__EXERCISE__
Find the line that holds "レザー レッド ゴールド金具【中古】メンズ", then repeat it and each line below it word for word through the end of the listing, leaving out pictures.

__DATA SUPPLIED__

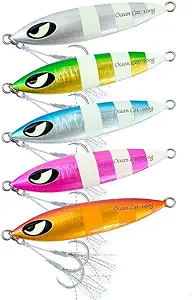 ocean cat 1 pc slow fall pitch fishing lures sinking lead metal flat jigs jigging baits with hook for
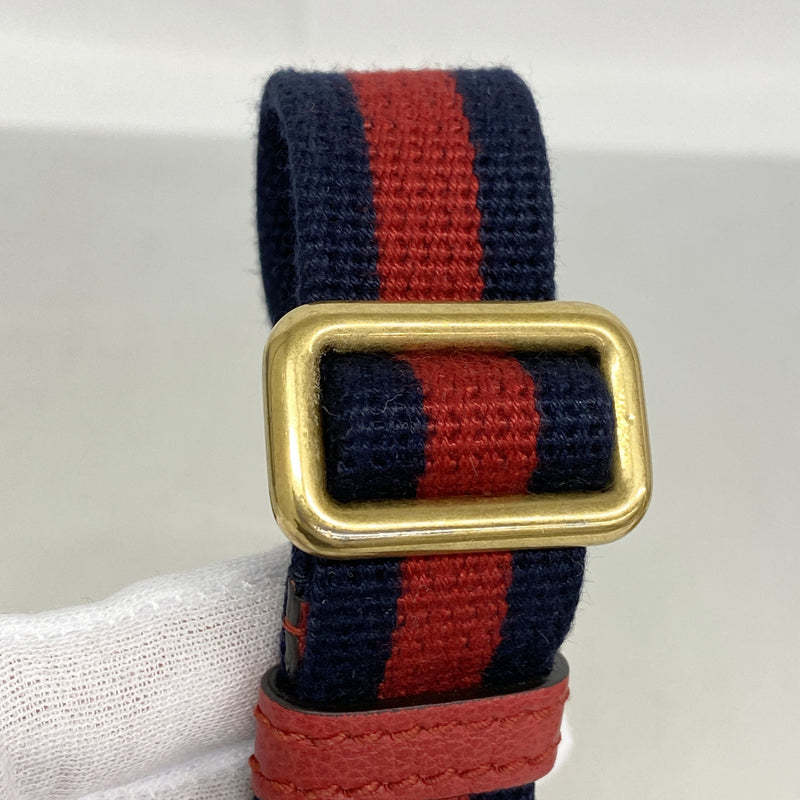 【6kb0781】グッチ ウエストバッグ 527792 レザー レッド ゴールド金具【中古】メンズ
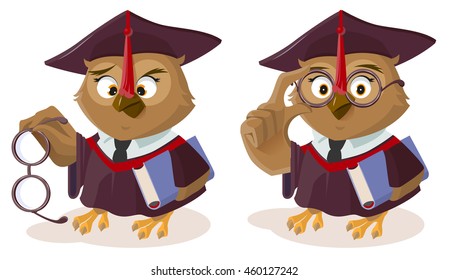 Owl teacher with book and poor eyesight. Isolated on white vector cartoon illustration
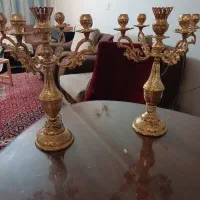 جفت شمعدان برقی طلا کوب|لوستر و چراغ آویز|شیراز, عفیف‌آباد|دیوار
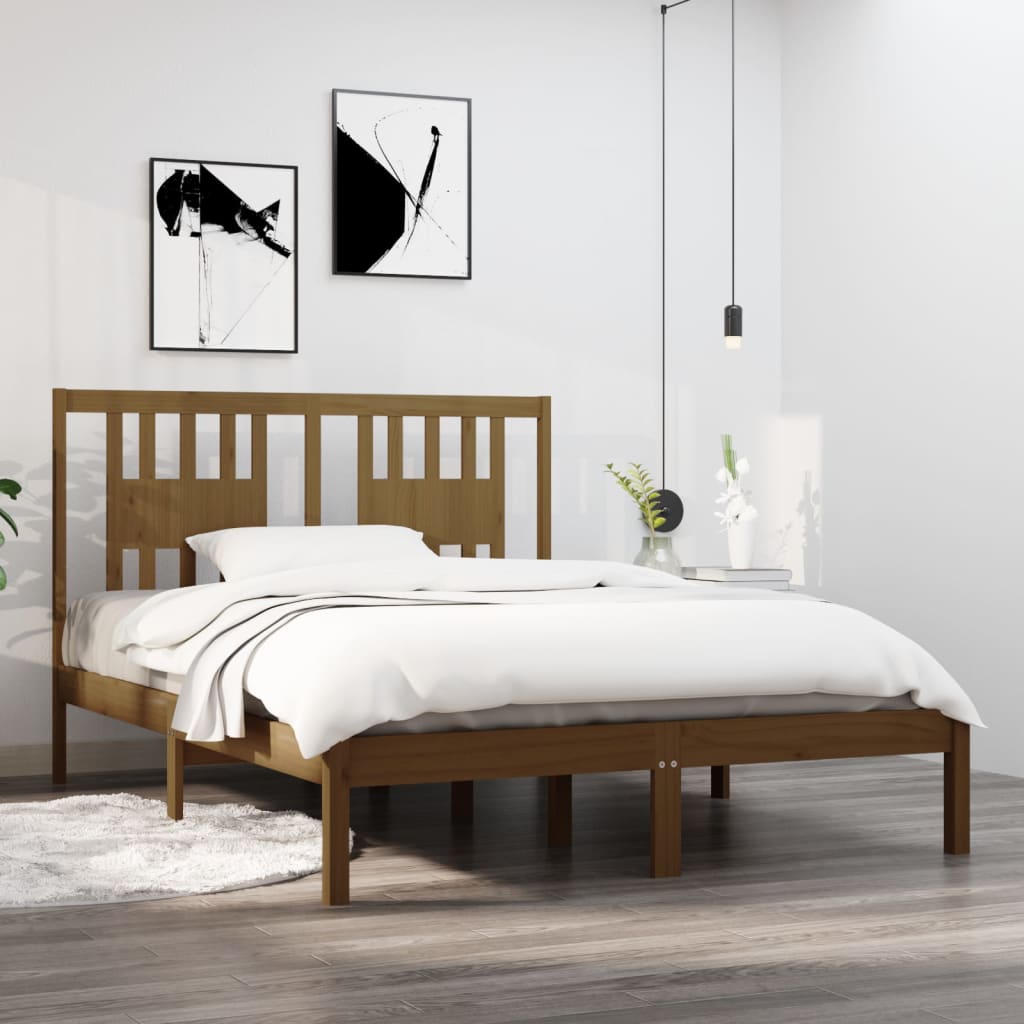 Vetonek Estructura de cama madera maciza de pino marrón miel 120x200 cm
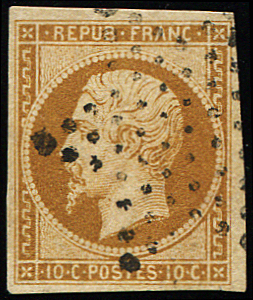 N°9a 10c bistre-brun, obl. ETOILE, TB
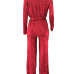 Trendy V Neck Lace-up Red Velvet Two-piece Pants Set Trendy V Neck Lace-up Red Velvet Two-piece Pants Set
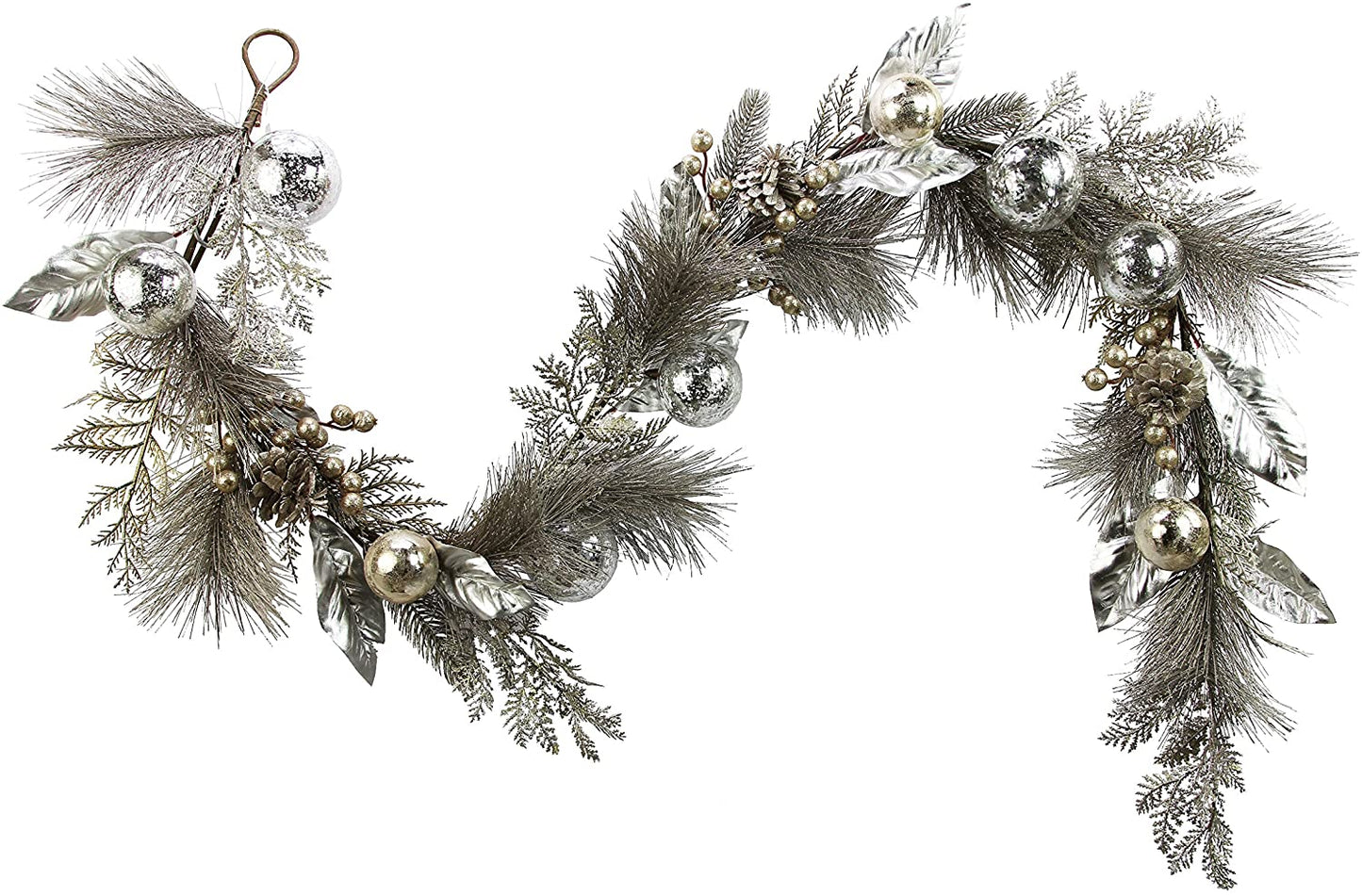 GXW6931-NATURAL-Pine Cone Ball Ornament Berry Cedar Christmas Garland72"Metallic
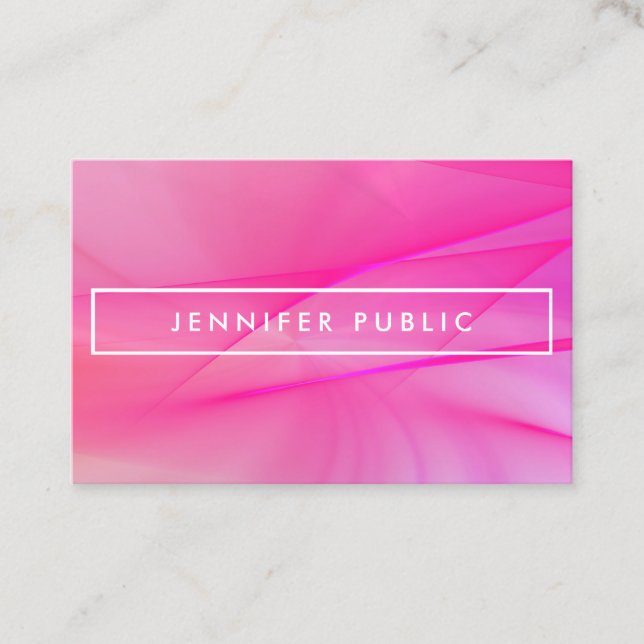 Modern Pink Blue Purple Elegant Professional Business Card (Front)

__WORKED SOLUTION__
 【6kb0781】グッチ ウエストバッグ 527792 レザー レッド ゴールド金具【中古】メンズ
 Owl teacher with book and poor eyesight. Isolated on white vector cartoon illustration
 جفت شمعدان برقی طلا کوب|لوستر و چراغ آویز|شیراز, عفیف‌آباد|دیوار
 Vetonek Estructura de cama madera maciza de pino marrón miel 120x200 cm
 N°9a 10c bistre-brun, obl. ETOILE, TB
 Trendy V Neck Lace-up Red Velvet Two-piece Pants Set Trendy V Neck Lace-up Red Velvet Two-piece Pants Set
 GXW6931-NATURAL-Pine Cone Ball Ornament Berry Cedar Christmas Garland72"Metallic
 Modern Pink Blue Purple Elegant Professional Business Card (Front)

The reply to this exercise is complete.